Note: Neither higher FPS nor an extreme high resolution gives you better quality. Whenever the encoder on the server needs to do much conversion you will have an equal big quality loss.
Exporting from TrackMania
For exporting from TM and for storing videos, you should always use the following codecs: Huffyuv/Lagarith (Huffyuv/Lagarith are true lossless codecs), Indeo 5.2 (100% quality) or x264 (lossless profile). Note, that the files get pretty big with these :) Try to keep the same base configuration through the whole creation process (1280x720@30FPS) so you don't lose quality or the aspect ratio.
Optimal settings
» H264
Make use of H264 profiles and levels, they exist for a good reason. For 720p use the "High" profile and the "3.1" level if you can choose them. They set paramters and limits which are best suited for 720p video at 30fps. For "normal" videos you can use from 5 to 10 Mbps. If there are a lot of movements/changes/effects, something between 10 an 17.5 Mbps may be better. The video should be clean and smooth before the upload (it is possible that your processor won't show the video lag-free, but everything from a Core2Duo/Athlon X2 should run without problems).
If you do not have Adobe Premiere or other software with an included H264 Codec, use the
opensource x264vfw codec.
In Premiere and Vegas you should always choose 30 Frames-per-second or "FPS", "progressive" for Field Scan and "1" or "squared" for Pixel Aspect Ratio. You also want to make a "twopass" variable bitrate encoding (VBR) to ensure high quality, and set the "Average" or "Target" bitrate to what is suited best for you. Set the maximum bitrate 20% higher than the target bitrate. Never set keyframes manually! H264 is intelligent enough to decide on it's own when to use them.
For x264 VFW go to the third tab and set the number of threads to the number of CPU cores your computer has.

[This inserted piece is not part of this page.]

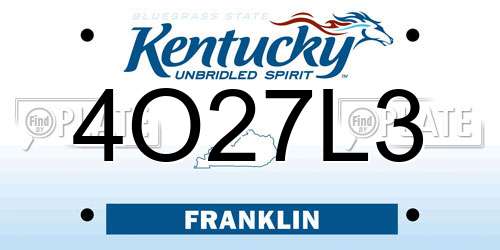 4O27L3 Kentucky License Plate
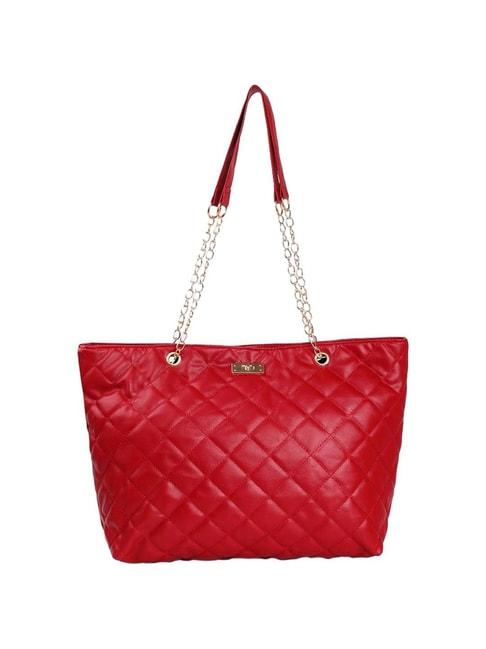 hautesauce red quilted small tote handbag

To encode in a twopass encoding you have to export the video the first time with the option "Multipass - 1st pass" set the bitrate to the desired bitrate. When the encoding is finsihed, you will see 2 files. A .mp4 (can be different, depending on your software) and a .stats file. Do not tamper with them, they contain important information for the encoder! Just export your video again to the same file but change the x264 mode to "Multipass - Nth pass". When the second encoding is finsihed, check your video file. All other settings for the VFW codec are already good, there is no need to play with them. If you can set keyframes in your video-editing software, don't set them ;)
» WMV
For WMV in Adobe and Vegas use always the Windows Media 9.x codecs, both audio and video. There are almost the same settings like for H264, so read the text above :) If you are not sure about a setting, let it at it's default value. Especially the keyframe setting which is 1 keyframe every 5 seconds and the buffer size which is 20 seconds. Since encoding with a WMV VFW interface is a pain in the **s it won't be covered here. But many applications support it.
» FLV
Flash video is already deprecated and shouldn't be used anymore. It is also very inefficient :)
» DIVX/XVID
The DivX codec family can be used too, but they are specialized for movie content. Thus there will always be problems with videogame content at high resolutions. If you have a codec version and setting that works good for you, consider yourself lucky and share that information with other users.